DIÓGENES
Un sublime noir et blanc, pour une histoire familiale sombre et poétique
Diogenes vit avec ses deux enfants, Sabina, adolescente, et Santiago, enfant, dans une maison isolée dans la montagne péruvienne. Artiste qui peint sur des Tablettes de bois (les Tablas de Sarhua), il va de temps à autres au village, pour troquer celles-ci contre le nécessaire pour vivre et se nourrir. Mais il refuse que sa fille vienne avec lui, arguant que les gens du village sont « tous des loups »…
Le film s’ouvre sur un plan intrigant sur un chemin, en forêt. En se rapprochant, la caméra permet de distinguer, sous quelques branchages, la gueule d’un chien, que deux paires de pieds viennent ensuite enterrer sous plus de bois, mettant feu au monticule ainsi créé. C’est sans doute comme cela que dans cette partie des Andes péruviennes, où vivent isolés deux enfants (Sabina, adolescente et Santiago, encore enfant) avec leur père Diogenes, peintre sur bois, que l’on enterre discrètement non seulement les animaux, mais aussi les victimes de la guerre civile, du fait des affrontements de l’armée ou du sentier lumineux. Une scène autour d’indigènes habillés richement, viendra ensuite rapidement, avec son ralenti suggérant qu’il s’agit d’un souvenir, sur fond de coups de feus, nous suggérer le sort de la mère, une femme étant tirée au sol par les cheveux. C’est dans cette suggestion d’un destin tragique pour cette famille, que la suite du métrage va naviguer entre aspects quotidiens, filmés à la manière d’un documentaire, et contes oraux qui convoquent des figurent surnaturelles.

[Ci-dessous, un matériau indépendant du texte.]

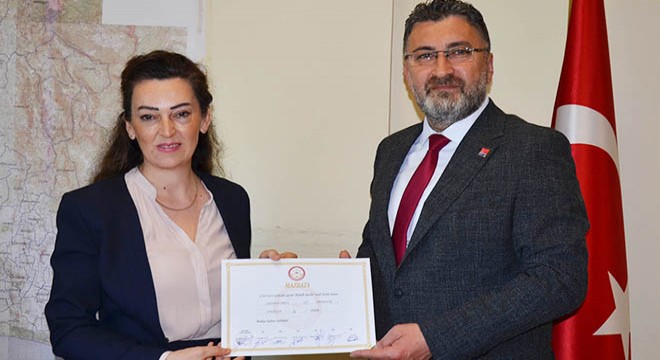 Başkan Kumbul mazbatasını aldı
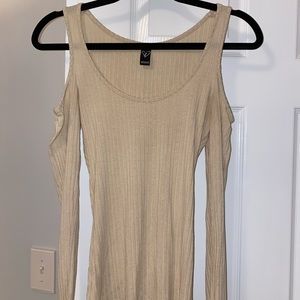 Shoulder cut out top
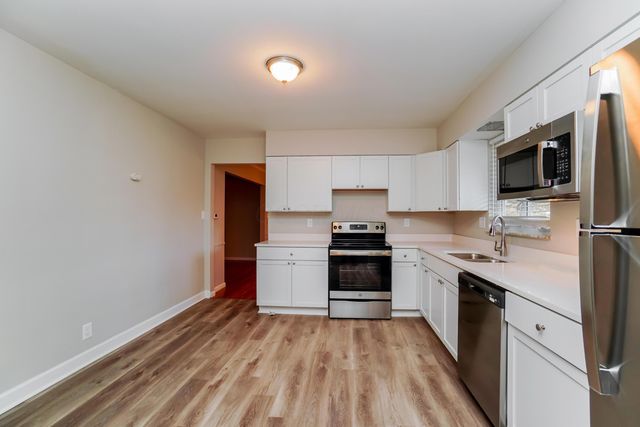 9548 Brookside Drive, Pickerington, OH 43147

Dans le moindre détail, le quotidien de pauvreté où le troc d’artisanat contre de la nourriture ou des produits de première nécessité, est scruté, le noir et blanc et les contre-jours permettant de magnifier la simplicité de ces moments : des volutes de fumée autour d’une marmite bouillante, le jeu du fils avec des insectes, la toilette avec une bassine d’eau claire... Au fil d’un récit qui va confronter les deux enfants au passé de leur famille et aux raisons de leur isolement, c’est aussi la tradition de la transmission orale qui trouve ici une place, avec une certaine poésie, au travers des histoires que le père chuchote à sa fille sur un monstre plein d’eau qui détruit tout, et dont la fille semble s’emparer, chuchotant à son tour à son petit frère à propos de deux soleils qui auraient tout brûlé sauf l’eau, et l’or et l’argent cachés. Une histoire cruelle, d’où émerge par quelques plans sur les dessins sur les tablettes laissées par le père, le destin de cette famille, au père supposé maudit, considéré de manière parabolique comme un chien entouré de loups.